Conclusiones The Blood of Dawnwalker
Quitando eso, The Blood of Dawnwalker ha sido una experiencia muy estimulante en las 18 horas que tardé en alcanzar los créditos, muchas más si llegamos a consumir todos los días disponibles y hacemos más misiones. Su fuerte componente narrativo consigue que los problemas del combate se hagan menos pesados, quitando algunas misiones que nos obligan a pelear con ciertas limitaciones que lo vuelven tedioso. No es del todo terrible, pero sin duda un mayor pulido habría conseguido que el juego fuera muchísimo mejor, junto a alguna variedad mayor de misiones y actividades secundarias. Pero es en su contenido principal donde mejor funciona, y sólo aferrándonos a eso ya merece y mucho la pena jugarlo.
Lo mejor:
- Su historia, personajes y el contexto histórico creado. Una recreación oscura del medievo llena de matices y diálogos muy bien escritos.
- El sistema de tiempo es adictivo, llevándonos a planear cada movimiento y que paso dar a continuación.
- El sistema de notoriedad cuenta con algunas ideas buenas.

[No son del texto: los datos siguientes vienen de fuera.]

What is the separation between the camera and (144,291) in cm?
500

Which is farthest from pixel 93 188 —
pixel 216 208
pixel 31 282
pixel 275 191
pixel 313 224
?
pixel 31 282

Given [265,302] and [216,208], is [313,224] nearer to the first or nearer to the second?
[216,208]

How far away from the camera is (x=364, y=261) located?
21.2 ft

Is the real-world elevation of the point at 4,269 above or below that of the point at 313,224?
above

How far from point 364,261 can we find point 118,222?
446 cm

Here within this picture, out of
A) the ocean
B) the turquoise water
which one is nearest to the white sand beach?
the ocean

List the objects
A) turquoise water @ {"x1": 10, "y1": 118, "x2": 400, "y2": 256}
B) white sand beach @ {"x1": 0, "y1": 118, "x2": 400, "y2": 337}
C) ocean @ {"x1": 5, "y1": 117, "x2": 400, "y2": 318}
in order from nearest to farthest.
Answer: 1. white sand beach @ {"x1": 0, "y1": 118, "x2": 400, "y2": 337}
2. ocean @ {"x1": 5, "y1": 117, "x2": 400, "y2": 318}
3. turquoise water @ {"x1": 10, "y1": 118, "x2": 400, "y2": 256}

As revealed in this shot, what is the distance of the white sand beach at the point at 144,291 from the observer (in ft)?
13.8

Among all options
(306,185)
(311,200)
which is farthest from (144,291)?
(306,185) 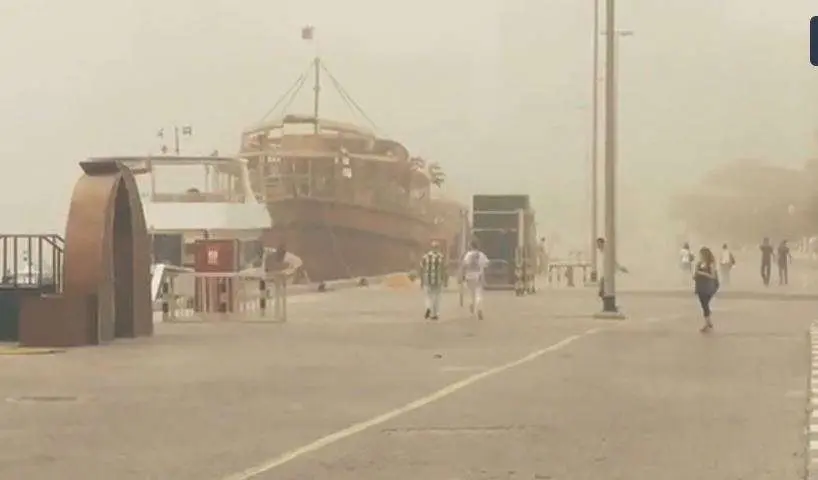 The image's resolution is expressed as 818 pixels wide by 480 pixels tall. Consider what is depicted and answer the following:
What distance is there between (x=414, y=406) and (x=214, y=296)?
18.3m

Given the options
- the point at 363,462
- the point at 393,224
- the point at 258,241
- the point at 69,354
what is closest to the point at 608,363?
the point at 69,354

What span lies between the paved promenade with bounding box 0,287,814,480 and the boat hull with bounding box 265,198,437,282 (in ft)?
128

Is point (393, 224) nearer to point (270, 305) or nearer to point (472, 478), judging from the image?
point (270, 305)

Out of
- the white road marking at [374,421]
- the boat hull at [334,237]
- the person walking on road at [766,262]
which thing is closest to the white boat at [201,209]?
the boat hull at [334,237]

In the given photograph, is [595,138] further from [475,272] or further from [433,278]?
[433,278]

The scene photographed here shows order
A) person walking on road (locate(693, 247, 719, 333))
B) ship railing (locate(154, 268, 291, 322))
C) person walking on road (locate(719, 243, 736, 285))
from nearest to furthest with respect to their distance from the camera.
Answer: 1. person walking on road (locate(693, 247, 719, 333))
2. ship railing (locate(154, 268, 291, 322))
3. person walking on road (locate(719, 243, 736, 285))

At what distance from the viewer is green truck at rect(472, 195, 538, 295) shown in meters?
Answer: 50.5

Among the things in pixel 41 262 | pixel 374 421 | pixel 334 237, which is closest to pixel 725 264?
pixel 334 237

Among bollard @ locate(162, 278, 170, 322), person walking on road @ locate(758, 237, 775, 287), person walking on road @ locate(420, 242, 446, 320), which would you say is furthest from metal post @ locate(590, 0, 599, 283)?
person walking on road @ locate(420, 242, 446, 320)

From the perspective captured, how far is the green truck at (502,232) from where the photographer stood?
50.5 meters

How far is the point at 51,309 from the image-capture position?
23375 mm

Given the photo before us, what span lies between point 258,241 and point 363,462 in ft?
156

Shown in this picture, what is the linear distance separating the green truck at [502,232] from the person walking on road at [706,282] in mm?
20705

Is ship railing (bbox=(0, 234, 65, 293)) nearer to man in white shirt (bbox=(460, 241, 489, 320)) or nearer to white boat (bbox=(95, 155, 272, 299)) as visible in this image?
man in white shirt (bbox=(460, 241, 489, 320)) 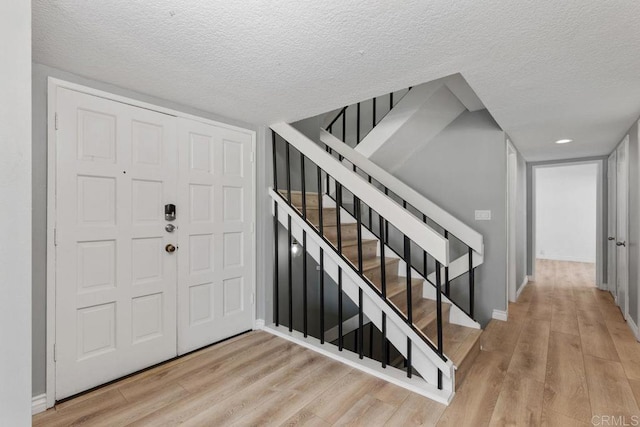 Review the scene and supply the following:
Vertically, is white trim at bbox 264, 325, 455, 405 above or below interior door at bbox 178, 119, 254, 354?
below

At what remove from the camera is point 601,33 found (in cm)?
141

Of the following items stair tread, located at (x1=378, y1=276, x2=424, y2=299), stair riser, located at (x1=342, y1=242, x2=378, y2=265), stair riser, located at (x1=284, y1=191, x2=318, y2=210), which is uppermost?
stair riser, located at (x1=284, y1=191, x2=318, y2=210)

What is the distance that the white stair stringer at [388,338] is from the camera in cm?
190

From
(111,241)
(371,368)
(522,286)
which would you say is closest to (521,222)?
(522,286)

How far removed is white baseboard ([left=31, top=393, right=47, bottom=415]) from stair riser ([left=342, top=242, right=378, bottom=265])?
84.9 inches

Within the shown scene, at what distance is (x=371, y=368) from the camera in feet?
7.03

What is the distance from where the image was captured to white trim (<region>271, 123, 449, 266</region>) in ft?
6.14

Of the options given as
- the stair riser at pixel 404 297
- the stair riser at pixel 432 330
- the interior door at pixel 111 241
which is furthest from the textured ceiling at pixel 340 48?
the stair riser at pixel 432 330

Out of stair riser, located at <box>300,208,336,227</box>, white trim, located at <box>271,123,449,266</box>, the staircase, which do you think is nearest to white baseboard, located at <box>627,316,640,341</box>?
the staircase

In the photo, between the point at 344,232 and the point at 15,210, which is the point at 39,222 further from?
the point at 344,232

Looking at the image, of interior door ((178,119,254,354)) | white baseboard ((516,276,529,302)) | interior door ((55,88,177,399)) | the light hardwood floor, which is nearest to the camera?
the light hardwood floor

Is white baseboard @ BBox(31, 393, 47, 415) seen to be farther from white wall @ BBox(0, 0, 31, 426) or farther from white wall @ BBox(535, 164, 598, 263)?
white wall @ BBox(535, 164, 598, 263)

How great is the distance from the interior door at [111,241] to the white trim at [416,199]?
1809 millimetres

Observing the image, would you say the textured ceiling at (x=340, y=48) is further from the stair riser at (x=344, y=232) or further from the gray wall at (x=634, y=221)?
the stair riser at (x=344, y=232)
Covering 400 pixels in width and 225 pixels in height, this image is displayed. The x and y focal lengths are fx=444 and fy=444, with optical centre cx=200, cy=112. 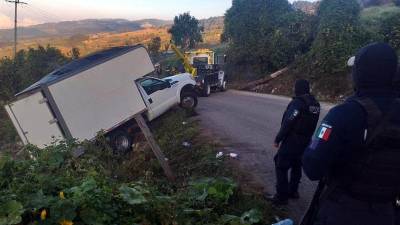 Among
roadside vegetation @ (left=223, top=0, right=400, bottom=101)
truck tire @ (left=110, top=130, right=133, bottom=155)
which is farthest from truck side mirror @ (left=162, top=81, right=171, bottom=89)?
roadside vegetation @ (left=223, top=0, right=400, bottom=101)

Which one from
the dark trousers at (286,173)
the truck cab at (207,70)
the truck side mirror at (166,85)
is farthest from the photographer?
the truck cab at (207,70)

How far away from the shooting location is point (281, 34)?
2855cm

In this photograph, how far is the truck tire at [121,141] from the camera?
41.0 feet

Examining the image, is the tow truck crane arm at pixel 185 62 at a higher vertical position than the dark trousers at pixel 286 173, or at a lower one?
lower

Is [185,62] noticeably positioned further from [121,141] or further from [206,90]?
[121,141]

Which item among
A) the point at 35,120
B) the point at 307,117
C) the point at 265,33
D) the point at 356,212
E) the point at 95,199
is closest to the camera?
the point at 356,212

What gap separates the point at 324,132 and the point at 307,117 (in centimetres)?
290

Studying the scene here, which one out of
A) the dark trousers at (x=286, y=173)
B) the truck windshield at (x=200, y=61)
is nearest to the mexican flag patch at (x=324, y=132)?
→ the dark trousers at (x=286, y=173)

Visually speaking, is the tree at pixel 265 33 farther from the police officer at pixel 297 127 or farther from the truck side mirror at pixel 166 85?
the police officer at pixel 297 127

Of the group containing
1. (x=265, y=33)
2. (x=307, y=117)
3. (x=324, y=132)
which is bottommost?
(x=265, y=33)

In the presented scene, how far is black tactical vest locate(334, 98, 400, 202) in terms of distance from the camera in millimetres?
2594

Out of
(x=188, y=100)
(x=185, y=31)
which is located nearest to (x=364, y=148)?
(x=188, y=100)

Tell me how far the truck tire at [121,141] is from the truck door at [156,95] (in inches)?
53.5

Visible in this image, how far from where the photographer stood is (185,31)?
5359 cm
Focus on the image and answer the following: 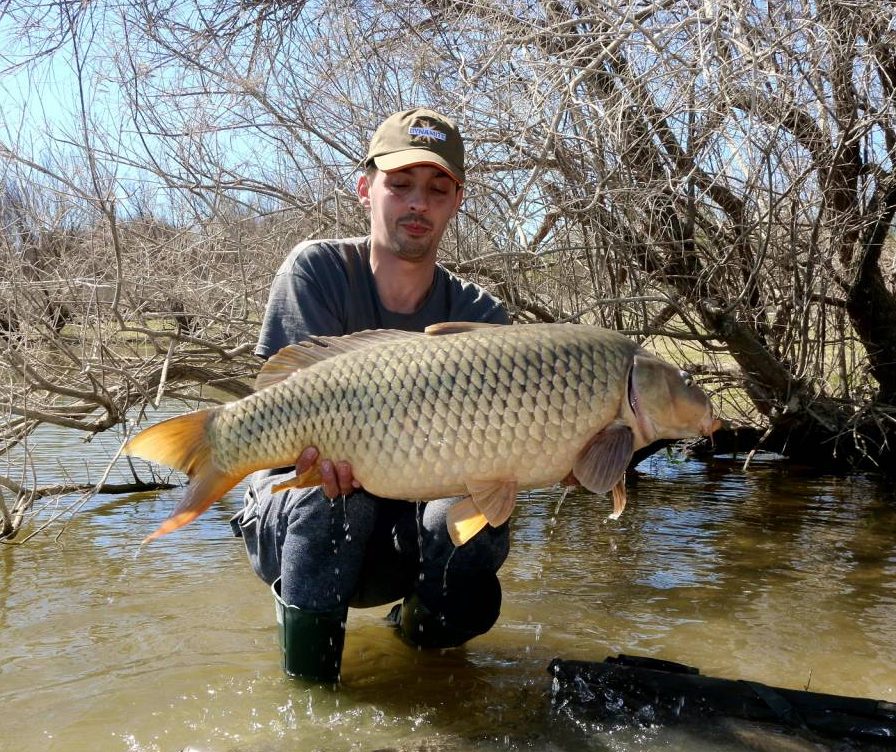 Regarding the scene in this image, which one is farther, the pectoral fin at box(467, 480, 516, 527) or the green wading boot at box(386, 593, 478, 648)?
the green wading boot at box(386, 593, 478, 648)

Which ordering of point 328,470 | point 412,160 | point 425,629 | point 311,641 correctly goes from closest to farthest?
point 328,470 < point 311,641 < point 412,160 < point 425,629

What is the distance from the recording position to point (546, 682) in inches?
85.2

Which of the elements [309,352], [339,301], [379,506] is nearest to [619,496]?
[379,506]

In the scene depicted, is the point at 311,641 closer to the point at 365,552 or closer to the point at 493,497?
the point at 365,552

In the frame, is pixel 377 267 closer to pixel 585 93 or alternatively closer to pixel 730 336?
pixel 585 93

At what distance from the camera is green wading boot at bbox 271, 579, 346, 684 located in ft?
6.72

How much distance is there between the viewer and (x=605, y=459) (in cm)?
179

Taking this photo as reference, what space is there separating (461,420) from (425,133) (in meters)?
0.80

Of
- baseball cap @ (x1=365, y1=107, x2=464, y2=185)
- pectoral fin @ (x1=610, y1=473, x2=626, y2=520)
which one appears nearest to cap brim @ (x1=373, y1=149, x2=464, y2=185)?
baseball cap @ (x1=365, y1=107, x2=464, y2=185)

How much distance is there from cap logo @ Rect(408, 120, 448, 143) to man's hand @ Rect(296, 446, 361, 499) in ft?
2.66

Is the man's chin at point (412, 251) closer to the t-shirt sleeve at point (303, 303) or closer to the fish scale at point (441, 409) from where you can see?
the t-shirt sleeve at point (303, 303)

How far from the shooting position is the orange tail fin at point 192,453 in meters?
1.89

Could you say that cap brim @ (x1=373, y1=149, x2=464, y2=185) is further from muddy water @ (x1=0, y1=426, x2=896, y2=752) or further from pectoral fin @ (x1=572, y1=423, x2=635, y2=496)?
muddy water @ (x1=0, y1=426, x2=896, y2=752)

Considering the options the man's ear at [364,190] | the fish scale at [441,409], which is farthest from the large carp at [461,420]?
the man's ear at [364,190] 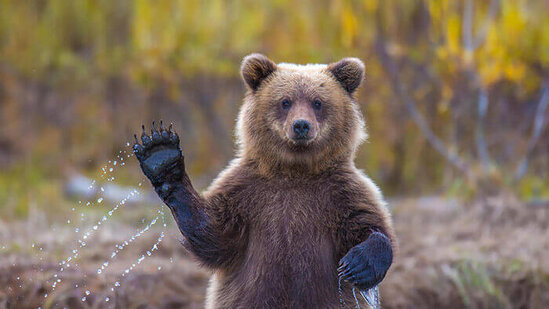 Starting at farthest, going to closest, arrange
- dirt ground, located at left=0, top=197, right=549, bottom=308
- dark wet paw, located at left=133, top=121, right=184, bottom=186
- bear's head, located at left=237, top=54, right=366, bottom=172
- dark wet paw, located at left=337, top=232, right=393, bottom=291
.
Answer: dirt ground, located at left=0, top=197, right=549, bottom=308, bear's head, located at left=237, top=54, right=366, bottom=172, dark wet paw, located at left=133, top=121, right=184, bottom=186, dark wet paw, located at left=337, top=232, right=393, bottom=291

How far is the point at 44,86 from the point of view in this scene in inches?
467

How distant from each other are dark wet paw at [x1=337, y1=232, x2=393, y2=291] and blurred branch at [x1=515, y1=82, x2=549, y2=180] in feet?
20.8

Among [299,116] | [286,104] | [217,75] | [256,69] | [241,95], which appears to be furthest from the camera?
[241,95]

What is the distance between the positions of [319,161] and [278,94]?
439 millimetres

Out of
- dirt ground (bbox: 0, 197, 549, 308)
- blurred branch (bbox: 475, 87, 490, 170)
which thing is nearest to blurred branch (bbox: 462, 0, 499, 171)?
blurred branch (bbox: 475, 87, 490, 170)

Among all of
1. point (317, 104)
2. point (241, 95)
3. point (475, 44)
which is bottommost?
point (317, 104)

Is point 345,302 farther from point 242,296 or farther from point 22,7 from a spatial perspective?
point 22,7

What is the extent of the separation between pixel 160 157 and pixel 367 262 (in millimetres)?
1149

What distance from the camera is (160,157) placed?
3260 mm

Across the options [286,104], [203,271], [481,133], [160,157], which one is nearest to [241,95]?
[481,133]

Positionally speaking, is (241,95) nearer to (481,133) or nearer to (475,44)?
(475,44)

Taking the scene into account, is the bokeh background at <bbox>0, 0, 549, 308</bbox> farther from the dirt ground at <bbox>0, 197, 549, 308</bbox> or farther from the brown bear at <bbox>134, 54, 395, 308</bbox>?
the brown bear at <bbox>134, 54, 395, 308</bbox>

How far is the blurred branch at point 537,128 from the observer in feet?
29.5

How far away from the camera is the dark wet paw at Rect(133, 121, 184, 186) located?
3.26m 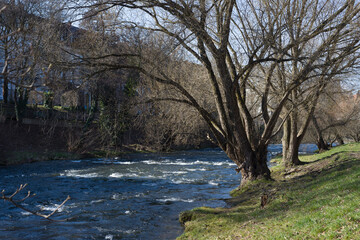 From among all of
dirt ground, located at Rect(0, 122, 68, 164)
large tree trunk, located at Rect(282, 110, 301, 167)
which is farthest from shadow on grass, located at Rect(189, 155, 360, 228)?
dirt ground, located at Rect(0, 122, 68, 164)

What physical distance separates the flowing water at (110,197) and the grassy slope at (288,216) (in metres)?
1.17

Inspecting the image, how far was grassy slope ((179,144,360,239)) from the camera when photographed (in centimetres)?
670

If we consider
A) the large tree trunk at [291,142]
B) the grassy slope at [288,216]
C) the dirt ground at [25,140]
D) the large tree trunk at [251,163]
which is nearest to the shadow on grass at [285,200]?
the grassy slope at [288,216]

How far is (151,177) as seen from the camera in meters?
23.1

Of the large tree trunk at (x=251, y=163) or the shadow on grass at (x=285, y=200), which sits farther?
the large tree trunk at (x=251, y=163)

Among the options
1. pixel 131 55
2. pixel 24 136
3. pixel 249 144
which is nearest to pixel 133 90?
pixel 131 55

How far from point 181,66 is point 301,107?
6.90 metres

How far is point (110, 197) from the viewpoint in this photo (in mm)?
16594

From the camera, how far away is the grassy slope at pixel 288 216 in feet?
22.0

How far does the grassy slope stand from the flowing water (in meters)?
1.17

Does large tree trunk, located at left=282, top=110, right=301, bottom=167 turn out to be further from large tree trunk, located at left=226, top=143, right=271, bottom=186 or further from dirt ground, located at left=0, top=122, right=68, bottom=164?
dirt ground, located at left=0, top=122, right=68, bottom=164

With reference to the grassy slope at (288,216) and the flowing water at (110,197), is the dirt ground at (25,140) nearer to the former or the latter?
the flowing water at (110,197)

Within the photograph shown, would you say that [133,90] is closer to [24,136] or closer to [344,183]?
[344,183]

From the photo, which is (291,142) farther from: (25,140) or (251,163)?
(25,140)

A medida que enfurecemos a los vrakhir el valle se llena de más enemigos y estos se vuelven más agresivos contra nosotros.
- La libertad para jugar más como humano o como bestia sedienta de sangre.
Lo peor:
- Cierta torpeza en la ejecución de algunos de sus sistemas. Los desplazamientos como vrakhir por plataformas no funcionan todo lo bien que deberían en algunas ocasiones.
- Algunas funciones de la progresión, como algunas piezas de equipo u objetos tienen funciones anecdóticas y no son demasiado importantes.
- El combate no está todo lo pulido que debería y acaba aburriendo un poco con el tiempo, a excepción de los jefes finales.